> [Exercise directions]: Among the entries below, copy only the span from the line containing "Clermont-Ferrand 2 - 10 Neuilly/Marne" through the line containing "BlueGreen Villa". Do so exactly, and skip the pictures.

----- Data excerpts -----

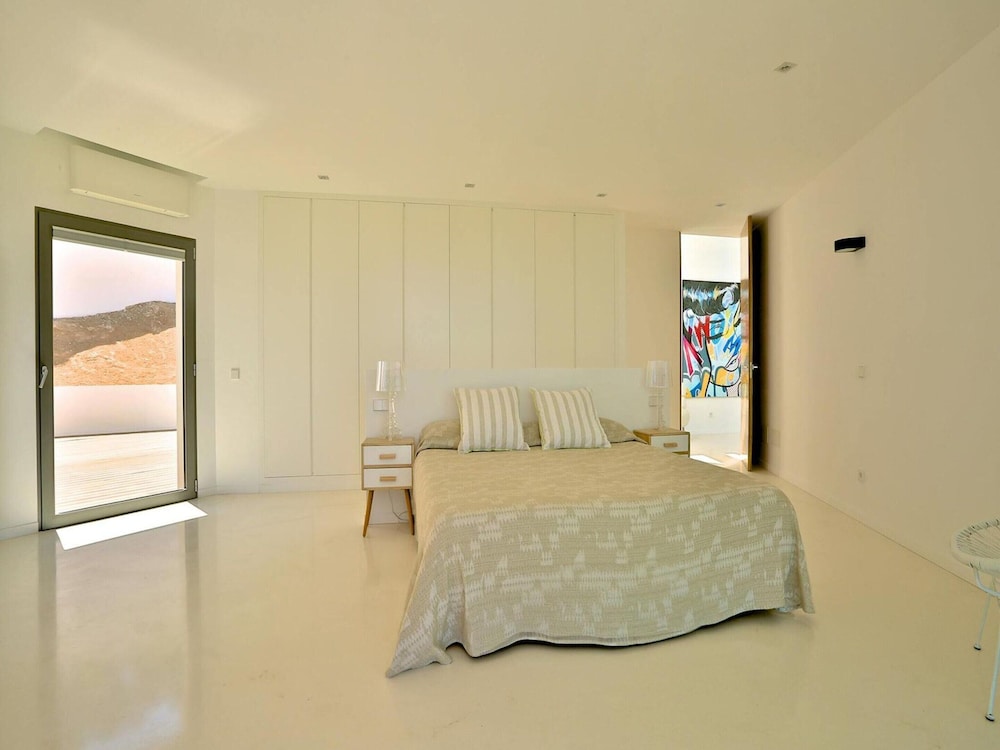 Modern Holiday Home With Vast Terracing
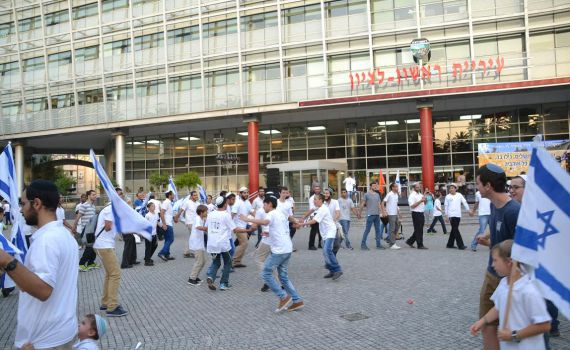 צפו בריקוד הדגלים שסחף את ראשון לציון
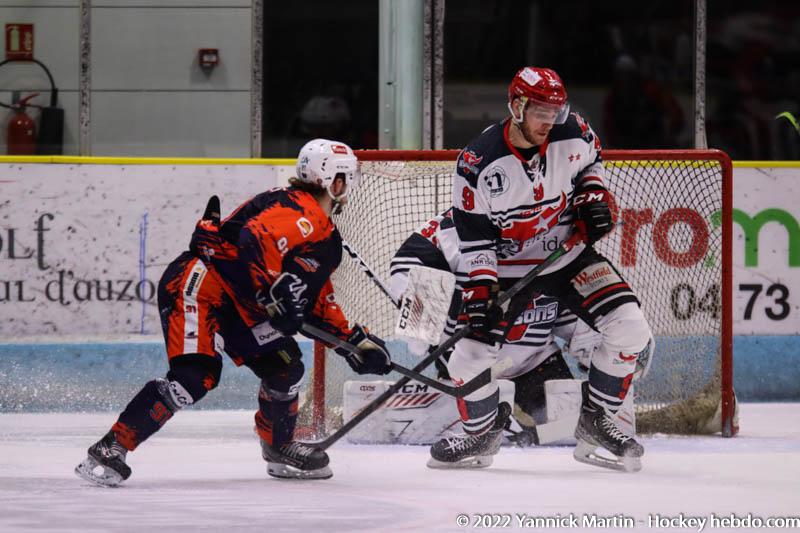 Clermont-Ferrand 2 - 10 Neuilly/Marne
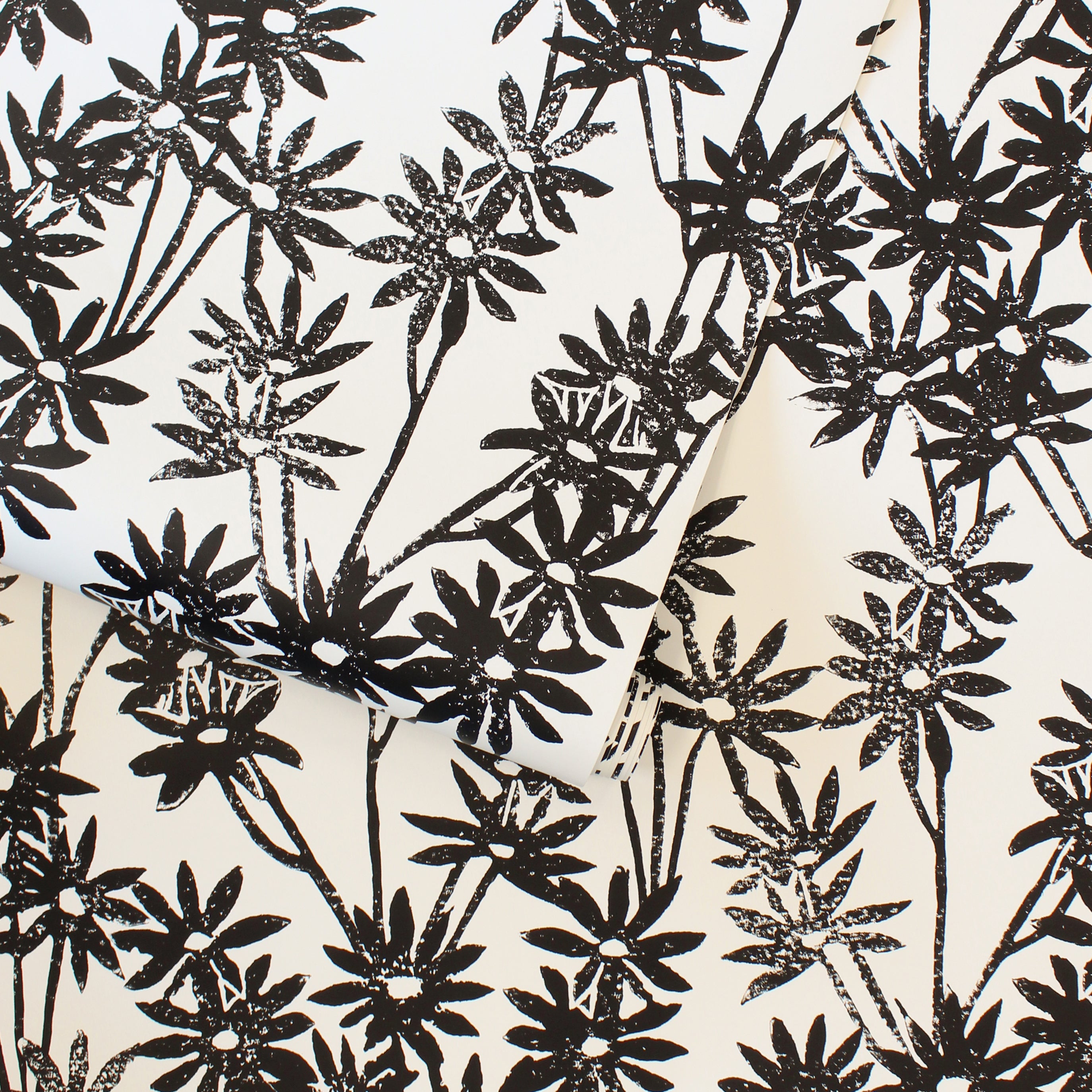 Novogratz Daisy Bloom Peel and Stick Wallpaper - Self-Adhesive Floral Removable Wallpaper for Bedroom, Living Room, Nursery & Home Decor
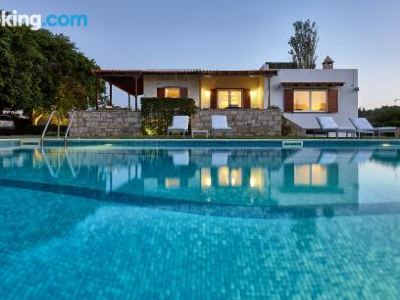 BlueGreen Villa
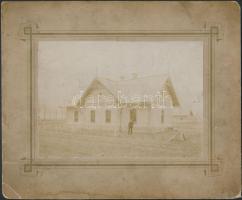 cca 1900 Urasági alkalmazott a Jálics-féle szőlőbirtokon, a ház előtt Osza Bertalan intéző, kartonra kasírozott fotó, hátoldalon feliratozva, fotó 12x17 cm, karton 21x25 cm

-----

> [Answer to the exercise]:
 Clermont-Ferrand 2 - 10 Neuilly/Marne
 Novogratz Daisy Bloom Peel and Stick Wallpaper - Self-Adhesive Floral Removable Wallpaper for Bedroom, Living Room, Nursery & Home Decor
 BlueGreen Villa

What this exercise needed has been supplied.